In der Wiener Innenstadt entfloh am 22. Dezember 1923 ein zwölfjähriges Mündelkind namens Grete Pilz aus dem Haushalt seiner Pflegemutter. Zwei Tage später, am Heiligen Abend, die Ausreißerin ist inzwischen aufgegriffen, wird Strafanzeige erstattet gegen ebendiese Pflegemutter, eine gewisse Edith Cadivec, 44, die sich auch Edith de Cadwéc oder Baronin Cadwé nennt und die in ihrer geräumigen Dachwohnung im Hause Biberstraße 9, hinterm Café Prückel, eine Art private Sprachschule betreibt.
Das abgängige Kind wurde bei eisiger Kälte aufgegriffen auf dem Wilhelminenberg, der Amtsarzt konstatierte blutunterlaufene Striemen „in der Gesäßgegend“, das Kind gibt zu Protokoll: Es sei von Frau Cadivec regelmäßig, zuletzt „vier Tage vor meiner Flucht“, schweren Züchtigungen unterzogen worden, „bis ich nicht mehr stehen und sitzen konnte. In die Schule bin ich gar nicht mehr gegangen, da sie mich privat selbst unterrichtete. Geprügelt wurde ich nur dann, wenn ein Herrenbesuch kam; mir wurden dann so schwierige Aufgaben zum Lernen gegeben, dass ich eben Fehler machen musste.“ Die Besucher hätten ihr, der Cadivec, 300.000 Kronen für jede Vorführung gezahlt (was etwa dem Wochenlohn einer Bedienerin entsprach).
Eine Hausdurchsuchung am 3. Jänner 1924 bringt Kollektionen von Riemen- und Lederzeug zutage, spanisches Rohr und Birkenrute, Rossschweif und Kosakenpeitsche, ferner sadomasochistische Bilder, Kataloge und Briefschaften. Im Besonderen aber gelangt die Polizei an das Haushaltsbuch der Sprachschule mit den – teils chiffrierten – Namen der Stammgäste und den Tageseinnahmen.

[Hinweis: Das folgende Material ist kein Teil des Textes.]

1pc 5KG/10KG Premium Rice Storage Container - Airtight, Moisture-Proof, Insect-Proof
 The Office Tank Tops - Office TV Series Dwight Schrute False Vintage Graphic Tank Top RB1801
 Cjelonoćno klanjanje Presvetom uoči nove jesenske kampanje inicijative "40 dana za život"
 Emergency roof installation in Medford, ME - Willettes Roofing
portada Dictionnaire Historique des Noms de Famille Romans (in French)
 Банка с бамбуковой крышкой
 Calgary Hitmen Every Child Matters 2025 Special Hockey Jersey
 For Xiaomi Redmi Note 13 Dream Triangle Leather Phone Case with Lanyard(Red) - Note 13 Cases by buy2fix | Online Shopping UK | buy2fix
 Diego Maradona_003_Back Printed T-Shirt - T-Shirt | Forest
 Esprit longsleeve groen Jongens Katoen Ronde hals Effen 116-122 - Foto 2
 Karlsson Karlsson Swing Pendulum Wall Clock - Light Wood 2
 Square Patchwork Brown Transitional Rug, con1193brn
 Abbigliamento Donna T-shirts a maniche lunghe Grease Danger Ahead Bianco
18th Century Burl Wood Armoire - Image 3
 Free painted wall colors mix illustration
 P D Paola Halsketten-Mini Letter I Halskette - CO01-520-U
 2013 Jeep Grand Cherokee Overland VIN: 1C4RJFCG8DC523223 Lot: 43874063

Noch am selben Abend wird Edith Cadivec in Untersuchungshaft genommen; noch am selben Abend kommt es zu weiteren Verhaftungen.
So beginnt ein ebenso dramatisches wie obskures Kapitel der österreichischen Kriminalgeschichte, der große „Sittenskandal“ in jenem von Inflation, Arbeitslosigkeit und Wohnungsnot geprägten Nachkriegswien; ein Skandal, der sich in einem so benannten Sensationsprozess entlud, mit diesem freilich sein Ende nicht fand. Der Fall der Sprachlehrerin, Erzieherin und Pflegemutter Edith Cadivec wühlte nicht nur die breite Öffentlichkeit auf, er war auch Anlass geradezu sinnlich erregter Diskussionen in intellektuellen Salons; ja, die ganze Sache erlangte eine derartige Popularität, dass sie sich im Sprachgebrauch abbildete: Als Synonym für Flagellation bürgerte sich im Wienerischen jener Jahre der Ausdruck „cadivezzln“ ein. Jemanden „cadivezzln“.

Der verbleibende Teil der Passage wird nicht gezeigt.